Dataset records
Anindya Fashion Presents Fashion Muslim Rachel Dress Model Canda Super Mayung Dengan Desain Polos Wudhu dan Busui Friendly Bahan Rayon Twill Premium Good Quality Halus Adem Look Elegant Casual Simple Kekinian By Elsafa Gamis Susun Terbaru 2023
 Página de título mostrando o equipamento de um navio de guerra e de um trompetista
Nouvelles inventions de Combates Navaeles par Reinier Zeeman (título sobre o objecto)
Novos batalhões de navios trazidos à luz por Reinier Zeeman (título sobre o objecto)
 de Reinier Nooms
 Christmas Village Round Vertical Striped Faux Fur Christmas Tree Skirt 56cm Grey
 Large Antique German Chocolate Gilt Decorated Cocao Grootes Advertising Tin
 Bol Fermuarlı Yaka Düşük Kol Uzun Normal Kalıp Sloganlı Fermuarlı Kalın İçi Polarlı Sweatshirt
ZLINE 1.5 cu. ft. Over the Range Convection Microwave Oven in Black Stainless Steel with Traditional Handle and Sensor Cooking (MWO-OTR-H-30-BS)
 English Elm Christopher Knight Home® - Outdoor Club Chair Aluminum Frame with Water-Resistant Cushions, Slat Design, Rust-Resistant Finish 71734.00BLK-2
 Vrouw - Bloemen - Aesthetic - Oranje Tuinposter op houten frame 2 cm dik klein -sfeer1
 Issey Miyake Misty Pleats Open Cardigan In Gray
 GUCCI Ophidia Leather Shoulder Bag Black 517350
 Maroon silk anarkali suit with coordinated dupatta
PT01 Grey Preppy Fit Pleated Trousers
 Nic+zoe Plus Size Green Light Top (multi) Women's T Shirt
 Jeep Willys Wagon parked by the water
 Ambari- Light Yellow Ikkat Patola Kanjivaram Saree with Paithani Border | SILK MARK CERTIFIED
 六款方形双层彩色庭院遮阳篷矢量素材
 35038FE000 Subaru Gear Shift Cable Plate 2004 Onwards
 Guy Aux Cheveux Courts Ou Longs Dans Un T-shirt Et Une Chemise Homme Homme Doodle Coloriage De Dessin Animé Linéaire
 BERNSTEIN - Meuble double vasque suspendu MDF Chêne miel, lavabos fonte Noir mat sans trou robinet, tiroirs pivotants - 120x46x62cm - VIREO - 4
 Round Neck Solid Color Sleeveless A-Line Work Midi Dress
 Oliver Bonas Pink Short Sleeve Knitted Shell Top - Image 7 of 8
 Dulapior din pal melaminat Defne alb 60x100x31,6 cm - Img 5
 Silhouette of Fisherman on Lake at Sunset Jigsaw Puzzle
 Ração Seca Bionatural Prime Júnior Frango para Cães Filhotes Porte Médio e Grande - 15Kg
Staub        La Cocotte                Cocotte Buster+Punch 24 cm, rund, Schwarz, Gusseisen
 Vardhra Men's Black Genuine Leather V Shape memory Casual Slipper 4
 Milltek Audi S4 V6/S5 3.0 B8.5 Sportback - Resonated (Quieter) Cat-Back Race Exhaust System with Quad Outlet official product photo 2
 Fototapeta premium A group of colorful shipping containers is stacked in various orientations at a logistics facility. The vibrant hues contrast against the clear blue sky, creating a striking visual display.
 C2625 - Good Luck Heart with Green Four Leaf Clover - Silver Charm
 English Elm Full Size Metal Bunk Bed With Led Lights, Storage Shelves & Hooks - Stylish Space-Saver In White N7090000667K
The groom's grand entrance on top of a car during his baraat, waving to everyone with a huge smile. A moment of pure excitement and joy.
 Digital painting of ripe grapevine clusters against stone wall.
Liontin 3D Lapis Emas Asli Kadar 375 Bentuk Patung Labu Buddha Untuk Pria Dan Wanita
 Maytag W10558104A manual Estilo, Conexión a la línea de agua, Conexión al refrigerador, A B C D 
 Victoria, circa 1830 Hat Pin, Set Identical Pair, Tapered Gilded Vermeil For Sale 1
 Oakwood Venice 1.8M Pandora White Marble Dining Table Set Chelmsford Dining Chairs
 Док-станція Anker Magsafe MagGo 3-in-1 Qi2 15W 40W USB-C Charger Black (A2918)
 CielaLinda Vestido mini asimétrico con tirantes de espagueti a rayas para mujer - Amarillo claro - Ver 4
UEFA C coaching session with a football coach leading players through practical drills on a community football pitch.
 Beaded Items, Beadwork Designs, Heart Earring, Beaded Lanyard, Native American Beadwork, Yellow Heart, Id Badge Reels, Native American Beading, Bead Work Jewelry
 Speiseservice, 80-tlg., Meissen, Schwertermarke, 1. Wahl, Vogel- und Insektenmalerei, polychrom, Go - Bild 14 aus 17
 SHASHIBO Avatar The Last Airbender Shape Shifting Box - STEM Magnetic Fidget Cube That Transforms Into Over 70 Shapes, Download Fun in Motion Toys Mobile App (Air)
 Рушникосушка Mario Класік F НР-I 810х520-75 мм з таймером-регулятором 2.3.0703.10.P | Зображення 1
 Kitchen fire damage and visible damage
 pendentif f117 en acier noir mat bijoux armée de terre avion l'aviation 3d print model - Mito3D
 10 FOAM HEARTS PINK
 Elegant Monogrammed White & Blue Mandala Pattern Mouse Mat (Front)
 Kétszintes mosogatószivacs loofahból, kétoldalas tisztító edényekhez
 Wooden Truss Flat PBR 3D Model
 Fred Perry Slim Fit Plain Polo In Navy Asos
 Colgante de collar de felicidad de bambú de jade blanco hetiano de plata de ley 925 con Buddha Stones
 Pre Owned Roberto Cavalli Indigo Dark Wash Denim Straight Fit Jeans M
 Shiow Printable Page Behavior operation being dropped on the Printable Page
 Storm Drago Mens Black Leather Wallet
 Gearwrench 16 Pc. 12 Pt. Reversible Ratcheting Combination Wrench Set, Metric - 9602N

Required action: Would you print, exactly as written, every line above from the one holding "BERNSTEIN - Meuble" through the one holding "rund, Schwarz, Gusseisen", with both included and no other lines?

Response to the task:
 BERNSTEIN - Meuble double vasque suspendu MDF Chêne miel, lavabos fonte Noir mat sans trou robinet, tiroirs pivotants - 120x46x62cm - VIREO - 4
 Round Neck Solid Color Sleeveless A-Line Work Midi Dress
 Oliver Bonas Pink Short Sleeve Knitted Shell Top - Image 7 of 8
 Dulapior din pal melaminat Defne alb 60x100x31,6 cm - Img 5
 Silhouette of Fisherman on Lake at Sunset Jigsaw Puzzle
 Ração Seca Bionatural Prime Júnior Frango para Cães Filhotes Porte Médio e Grande - 15Kg
Staub        La Cocotte                Cocotte Buster+Punch 24 cm, rund, Schwarz, Gusseisen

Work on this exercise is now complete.